Background
Gautam Singhania, the Chairman and Managing Director of Raymond Group, a leading textile and apparel company in India, has settled a case of alleged customs duty evasion filed by the Directorate of Revenue Intelligence (DRI) over the import of 142 cars by paying penalties amounting to Rs 328 crore. The case was initiated amid Singhania’s ongoing divorce dispute with his wife Nawaz Modi Singhania.
Details
Car Procurement
According to the DRI, Singhania was the “beneficial owner” of 142 cars, including 138 vintage ones and four research and development vehicles, that were procured by Raymond Group from renowned auction houses such as Sotheby’s, Barrett-Jackson and Bonhams. The cars were bought from various auction houses between 2018 and 2021 and were sent directly to India from the US and the UK.
Invoice Manipulation
However, the invoices submitted to Indian customs were raised in the names of intermediary companies registered in the UAE, Hong Kong and the US, such as Bentimi FZC, Almaskan Trading LLC, Truemax Ltd and Orchid HK Ltd.

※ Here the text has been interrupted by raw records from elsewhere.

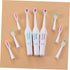 3pc YARNOW Electric Toothbrush for Pets Portable Random Colors Gentle Gums Cleaning for Dogs and Cats Lightweight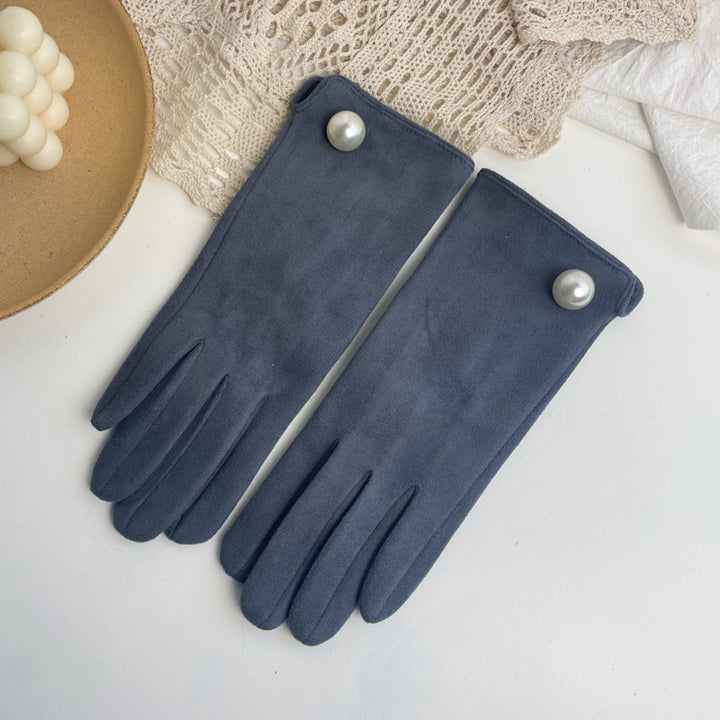 Warm, Padded And Thickened Cycling Split-finger Gloves For Women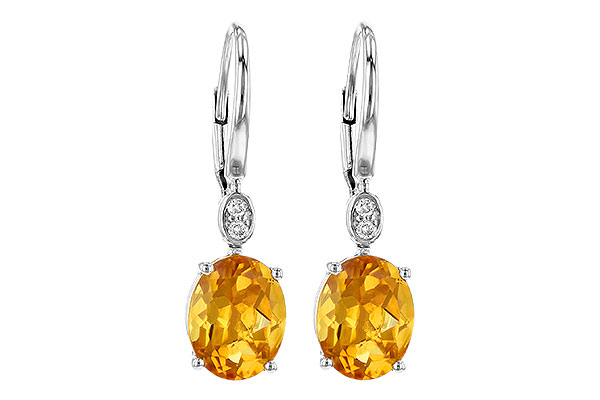 A235-81728: EARR 3.20 TW CITRINE 3.25 TGW (9x7MM CIT)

This was allegedly done to an evasion of customs duties amounting to Rs 229.72 crore.
Singhania’s Statement
Singhania, who is a passionate car collector and was planning to open a car museum at JK House in Mumbai, took full responsibility for the customs duty shortfall in his statement to DRI. He said that he would ask his team to check the details and price of any vintage car that he found suitable for display in the museum. The DRI investigation report claimed that Raymond Group intentionally presented manipulated invoices from intermediaries to customs, fully aware of the actual values of vintage cars. The investigation suggested that the group suppressed and misdeclared the true values in invoices to evade customs duties.
Settlement
The amount paid by Raymond Group unit JK Investors (Bombay) Ltd is inclusive of differential duty along with interest and penalty applicable at 15%, said the DRI closure report. The payment was made in January last year and the matter stands closed now. A Raymond Group spokesperson said that this was an old matter and was a case of erroneous calculation. A Raymond Group executive close to the matter said that it was not an attempt to route through a subsidiary to avoid taxes but a case of miscalculation.